If the premise for Fist Fight sounds dumb to you from the start, you’re not mistaken — very little in the ensuing 90 minutes will dissuade you from your initial preconceptions that this film is far from high art. But, rest assured, this film could have been much, much worse. What limited recommendation I’m able to supply is largely on the basis of Charlie Day, whose performance is easily the strongest aspect of the entire production (although he’s ably supported by a strong ancillary cast — when the script gives them more than scraps to work with, that is). Where the film falls short is in its unwillingness to take risks. It’s almost like a PG-13 film that decided to go for an R rating at the last minute by incorporating copious f-bombs and penis drawings. And yet, it’s still more fun than it has any right to be.
Day has built a career out of playing a unique type of emotionally stunted everyman beset by the pressures of the modern world and driven mad by his own ineffectuality, often lashing out in hilariously unpredictable ways. Fist Fight very nearly misses the opportunity to use Day’s talents — and never manages to utilize them to their full capacity. As a milquetoast English teacher with his job on the line and a baby on the way, Day is forced to play the closest thing this film has to a straight man for the majority of the first two acts (in a role that feels better suited to Jason Bateman), finally unleashing a glimpse of his anarchic brilliance about an hour in when his desperation to avoid a scheduled pummeling — at the hands of Ice Cube as a no-nonsense rageaholic history teacher — reaches fever pitch.

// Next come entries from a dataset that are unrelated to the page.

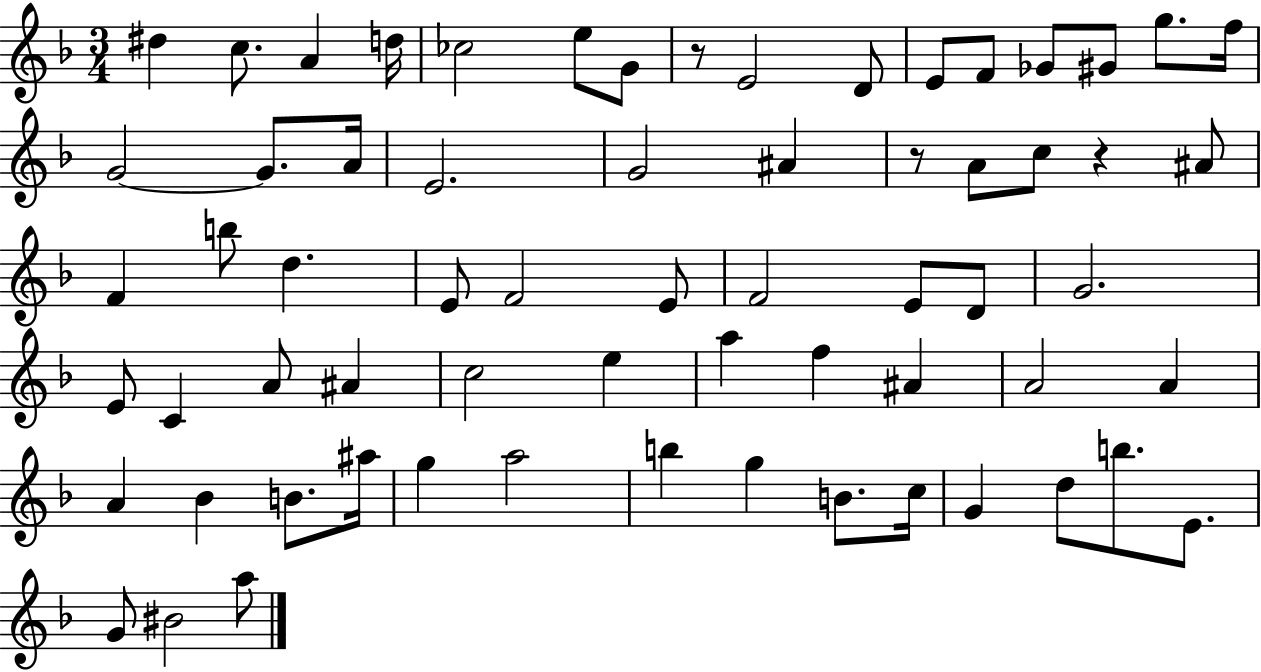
X:1
T:Untitled
M:3/4
L:1/4
K:F
^d c/2 A d/4 _c2 e/2 G/2 z/2 E2 D/2 E/2 F/2 _G/2 ^G/2 g/2 f/4 G2 G/2 A/4 E2 G2 ^A z/2 A/2 c/2 z ^A/2 F b/2 d E/2 F2 E/2 F2 E/2 D/2 G2 E/2 C A/2 ^A c2 e a f ^A A2 A A _B B/2 ^a/4 g a2 b g B/2 c/4 G d/2 b/2 E/2 G/2 ^B2 a/2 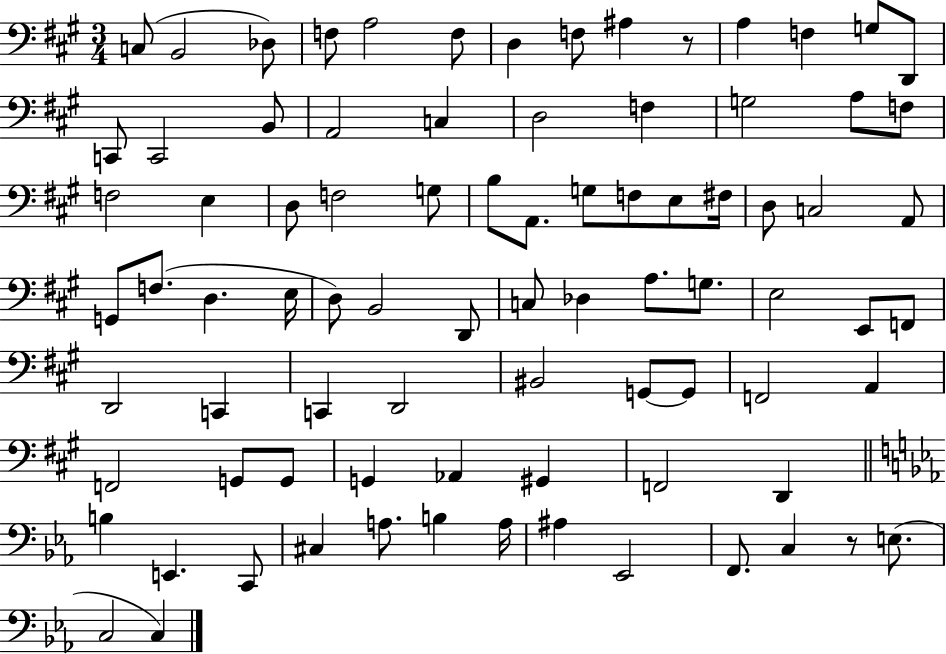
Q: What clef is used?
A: bass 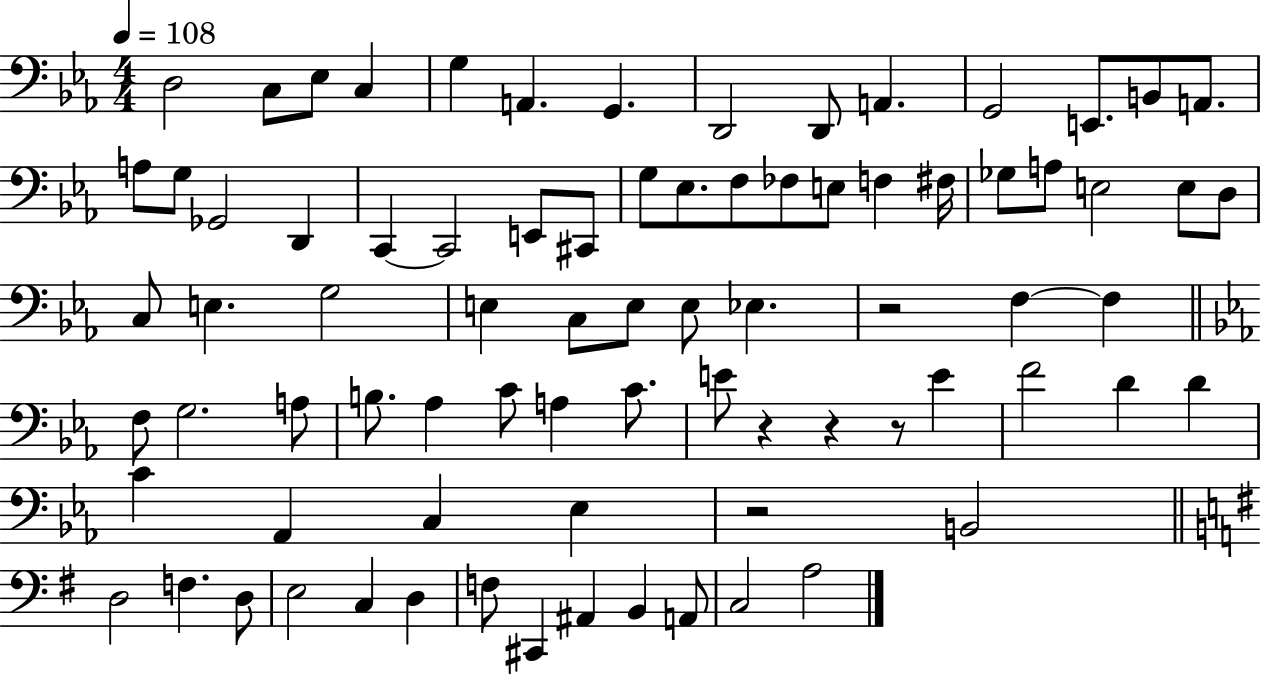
X:1
T:Untitled
M:4/4
L:1/4
K:Eb
D,2 C,/2 _E,/2 C, G, A,, G,, D,,2 D,,/2 A,, G,,2 E,,/2 B,,/2 A,,/2 A,/2 G,/2 _G,,2 D,, C,, C,,2 E,,/2 ^C,,/2 G,/2 _E,/2 F,/2 _F,/2 E,/2 F, ^F,/4 _G,/2 A,/2 E,2 E,/2 D,/2 C,/2 E, G,2 E, C,/2 E,/2 E,/2 _E, z2 F, F, F,/2 G,2 A,/2 B,/2 _A, C/2 A, C/2 E/2 z z z/2 E F2 D D C _A,, C, _E, z2 B,,2 D,2 F, D,/2 E,2 C, D, F,/2 ^C,, ^A,, B,, A,,/2 C,2 A,2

As good as Day can be in those final moments, it’s not due to screenwriters Van Robichaux and Evan Susser or veteran TV director Richie Keen. Their movie is methodically structured but ponderously paced, leaving too much wiggle room between the few jokes that do land for the ones that don’t to be quickly forgotten. Tracy Morgan and Jillian Bell are both able to eke out a few unexpected laughs in their respective roles as a perennially losing coach and a guidance counselor with a penchant for jailbait. Less successful in elevating their one-note roles are Christina Hendricks, Dean Norris and Kumail Nanjiani just plays Kumail Nanjiani as a conflict-averse security guard. So, if the direction and writing are thoroughly uninspired and only about 40 percent of the cast is good, what is there to like about Fist Fight? In a word, nihilism.
Given the probable dystopic future of our public school system, Fist Fight’s (probably accidental) moral takes on a new resonance. Day only gains the respect of his students, peers and family after he resorts to every brutally backhanded tactic to defeat Ice Cube. His daughter defeats her own bully by publicly humiliating her in front of an assembly populated by other victims. And all of this works out, with Day regaining his job and his daughter taking over as a grade school tyrant who rules through the implication of reprisal. The message of the film is abundantly clear: To defeat the monster, you must become the monster. That may not be a particularly funny reading of the narrative, but it is one that hits home for anyone feeling depressed about the state of educational affairs in this country. Rated R for language throughout, sexual content/nudity and drug material.
Now Playing at Carmike 10, Carolina Cinemark, Regal Biltmore Grande, Epic of Hendersonville.
Hey I enjoyed the film for the most part. I was uneasy because there were young children in the audience and the gratuitous sexual references in the movie were well beyond the years of these children and worse than that the trailors before the movie were flat out vulgar. If you have children under 14 you should not bring them to this film.